Because the entries hold pictures, reproduce only their words, exactly as written.

Data provided:
________________________________________
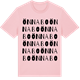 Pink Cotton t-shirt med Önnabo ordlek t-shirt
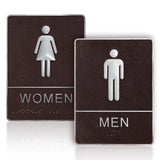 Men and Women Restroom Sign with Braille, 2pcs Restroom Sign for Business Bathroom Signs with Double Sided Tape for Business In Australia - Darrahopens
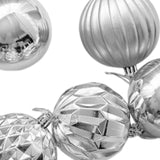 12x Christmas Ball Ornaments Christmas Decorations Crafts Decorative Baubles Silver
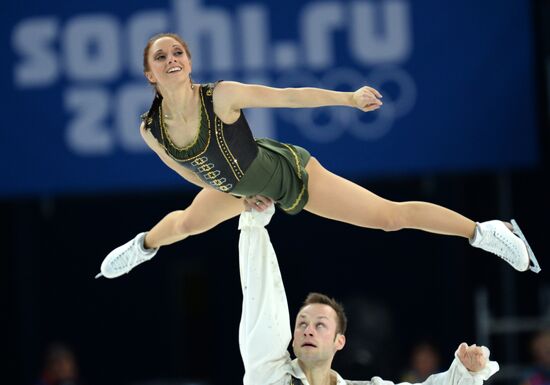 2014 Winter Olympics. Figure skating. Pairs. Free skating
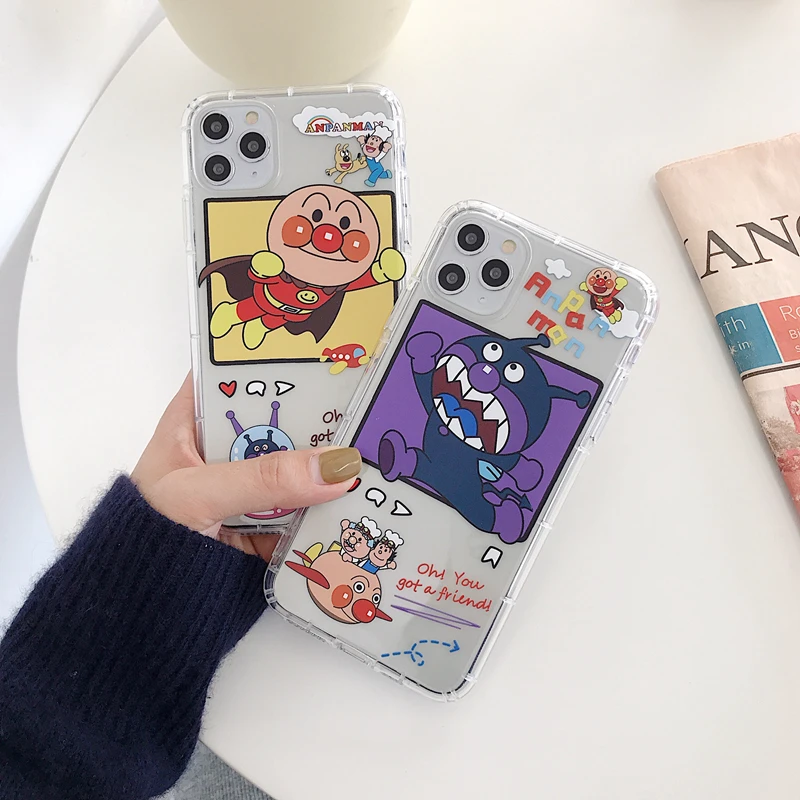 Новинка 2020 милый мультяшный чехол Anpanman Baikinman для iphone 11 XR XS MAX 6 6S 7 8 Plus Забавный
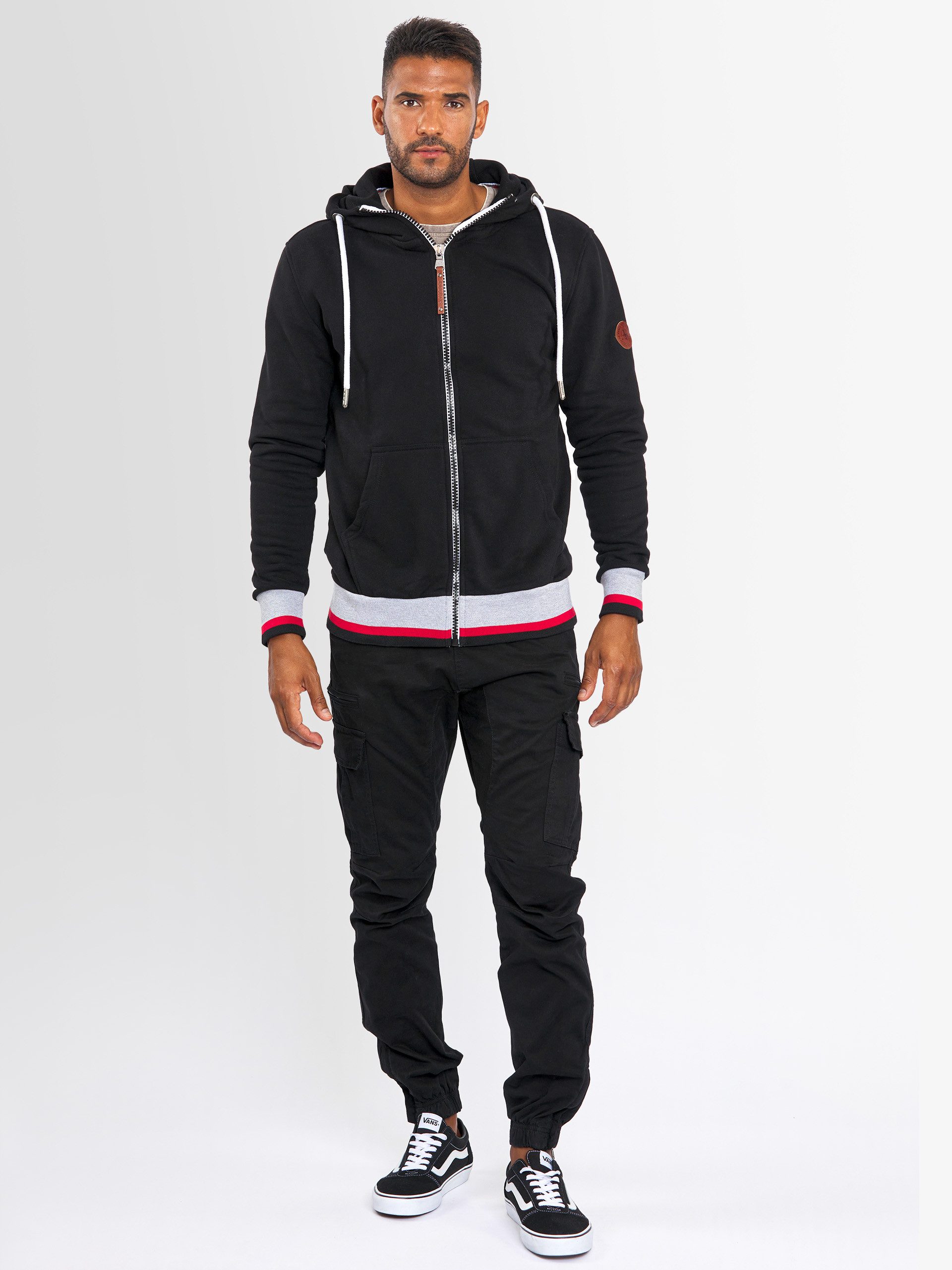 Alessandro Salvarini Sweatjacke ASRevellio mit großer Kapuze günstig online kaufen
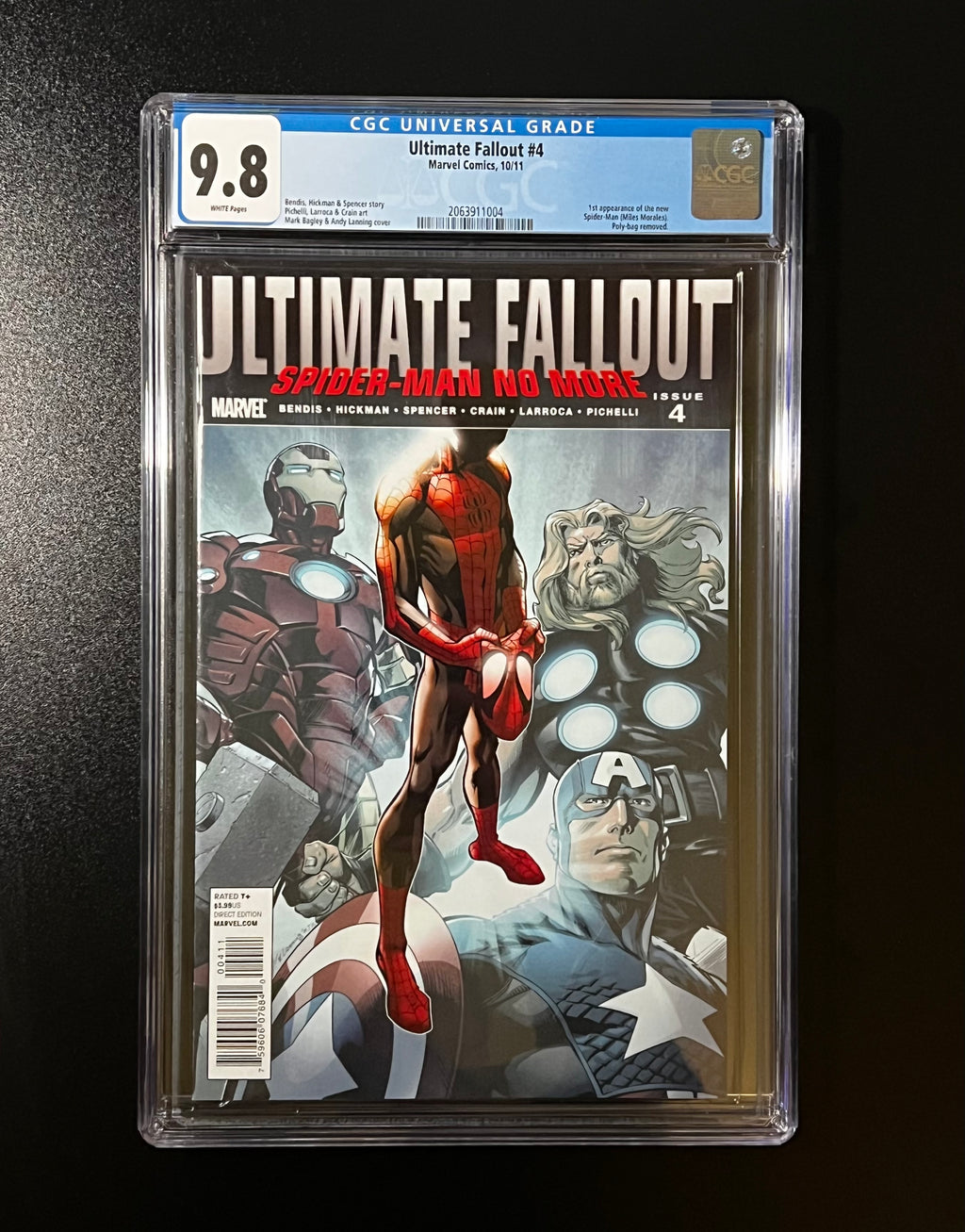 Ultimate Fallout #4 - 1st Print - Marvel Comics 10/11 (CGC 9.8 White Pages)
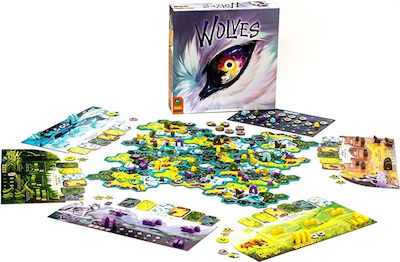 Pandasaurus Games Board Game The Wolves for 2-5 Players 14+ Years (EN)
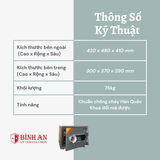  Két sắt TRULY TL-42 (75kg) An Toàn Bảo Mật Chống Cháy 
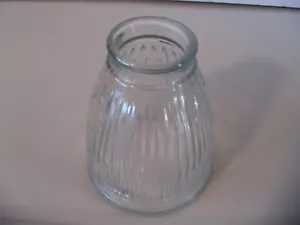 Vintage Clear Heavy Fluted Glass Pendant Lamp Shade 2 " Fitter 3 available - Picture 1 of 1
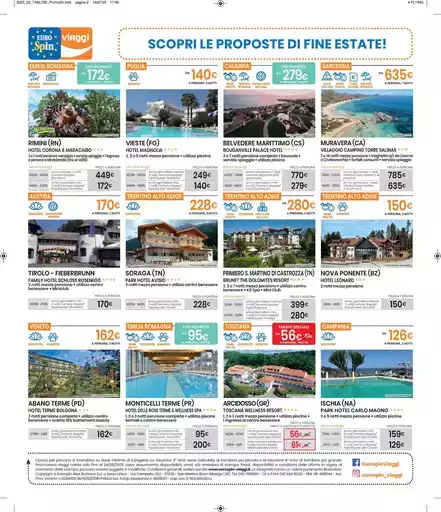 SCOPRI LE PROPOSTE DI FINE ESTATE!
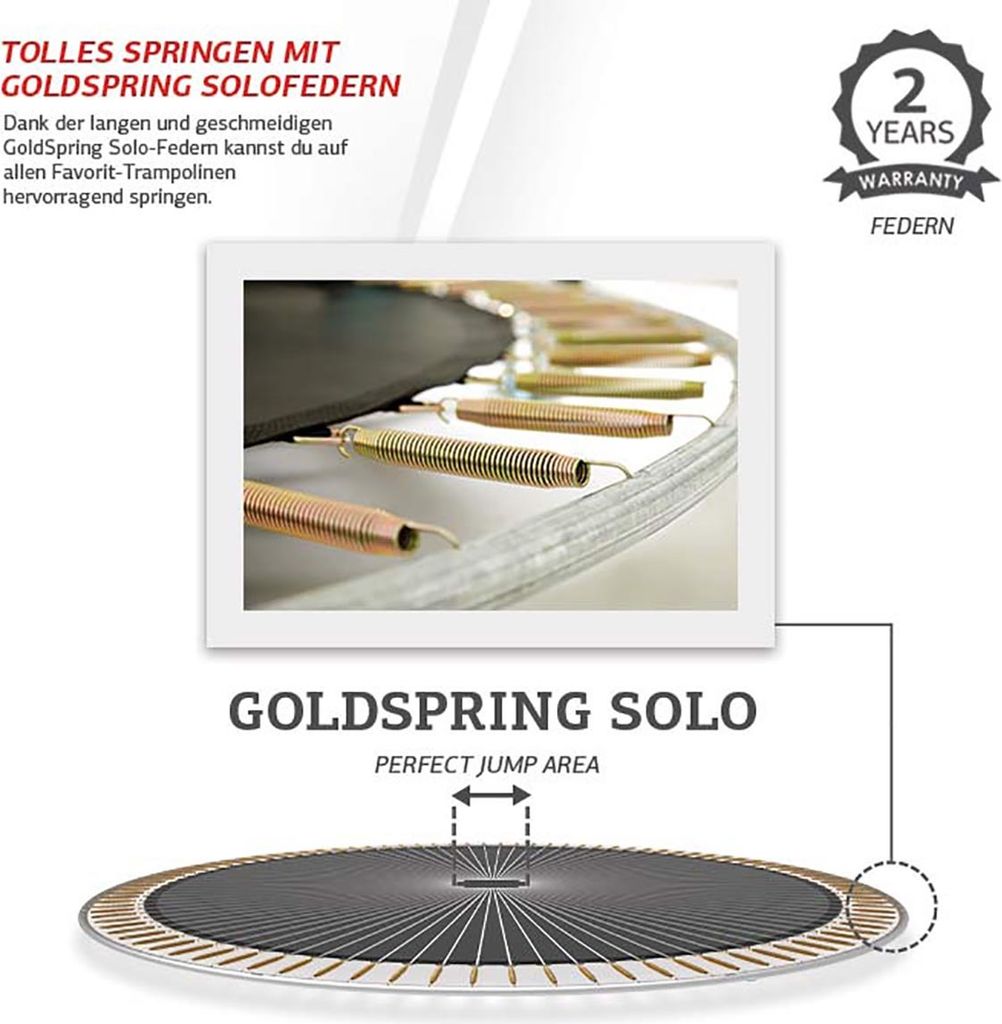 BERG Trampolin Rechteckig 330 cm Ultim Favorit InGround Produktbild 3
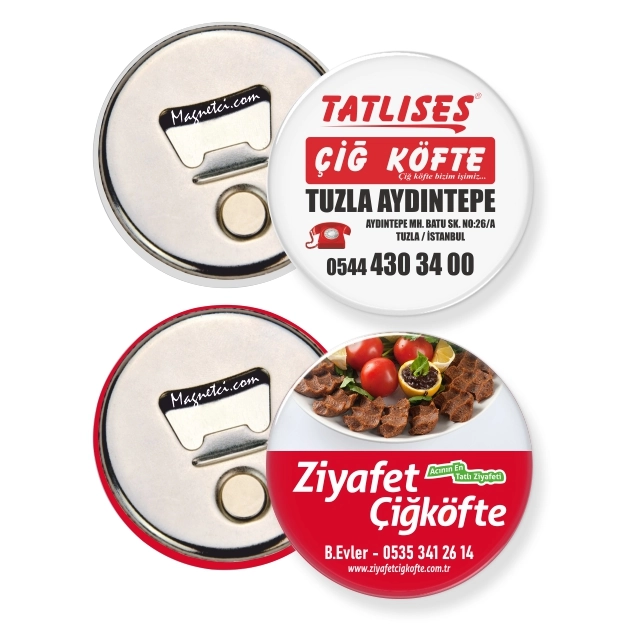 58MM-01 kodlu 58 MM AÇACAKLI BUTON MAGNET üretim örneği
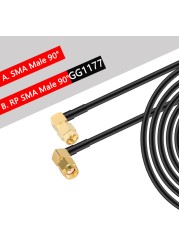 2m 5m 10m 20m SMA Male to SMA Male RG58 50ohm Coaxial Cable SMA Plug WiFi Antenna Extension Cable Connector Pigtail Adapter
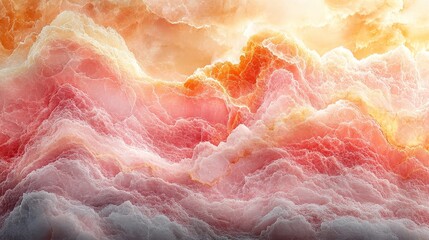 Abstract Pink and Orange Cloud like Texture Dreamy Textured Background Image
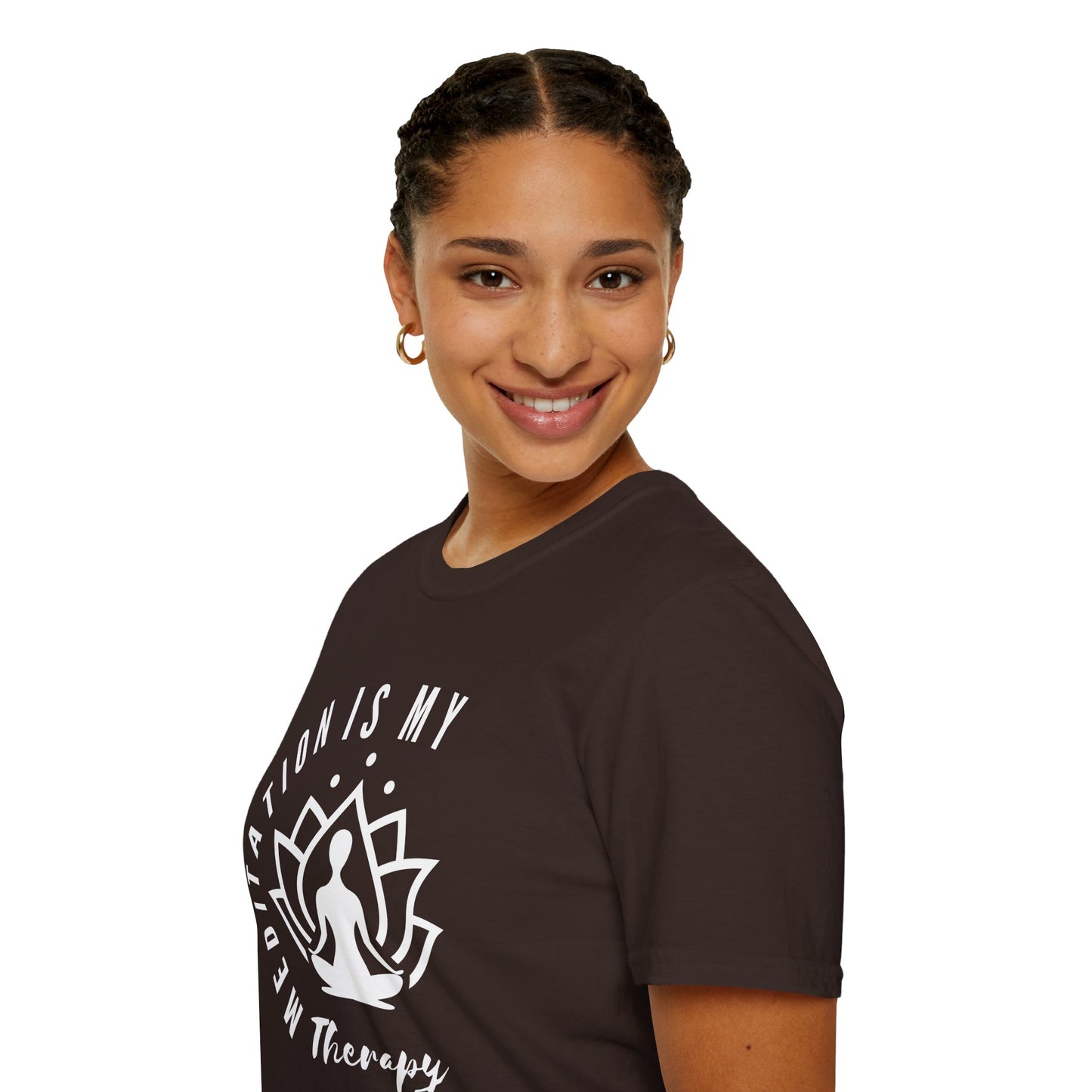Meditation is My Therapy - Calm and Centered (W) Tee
________________________________________
Result of this task:
 Pink Cotton t-shirt med Önnabo ordlek t-shirt
 Men and Women Restroom Sign with Braille, 2pcs Restroom Sign for Business Bathroom Signs with Double Sided Tape for Business In Australia - Darrahopens
 12x Christmas Ball Ornaments Christmas Decorations Crafts Decorative Baubles Silver
 2014 Winter Olympics. Figure skating. Pairs. Free skating
 Новинка 2020 милый мультяшный чехол Anpanman Baikinman для iphone 11 XR XS MAX 6 6S 7 8 Plus Забавный
 Alessandro Salvarini Sweatjacke ASRevellio mit großer Kapuze günstig online kaufen
 Ultimate Fallout #4 - 1st Print - Marvel Comics 10/11 (CGC 9.8 White Pages)
 Pandasaurus Games Board Game The Wolves for 2-5 Players 14+ Years (EN)
  Két sắt TRULY TL-42 (75kg) An Toàn Bảo Mật Chống Cháy 
 Vintage Clear Heavy Fluted Glass Pendant Lamp Shade 2 " Fitter 3 available - Picture 1 of 1
 SCOPRI LE PROPOSTE DI FINE ESTATE!
 BERG Trampolin Rechteckig 330 cm Ultim Favorit InGround Produktbild 3
 58MM-01 kodlu 58 MM AÇACAKLI BUTON MAGNET üretim örneği
 2m 5m 10m 20m SMA Male to SMA Male RG58 50ohm Coaxial Cable SMA Plug WiFi Antenna Extension Cable Connector Pigtail Adapter
 Abstract Pink and Orange Cloud like Texture Dreamy Textured Background Image
Meditation is My Therapy - Calm and Centered (W) Tee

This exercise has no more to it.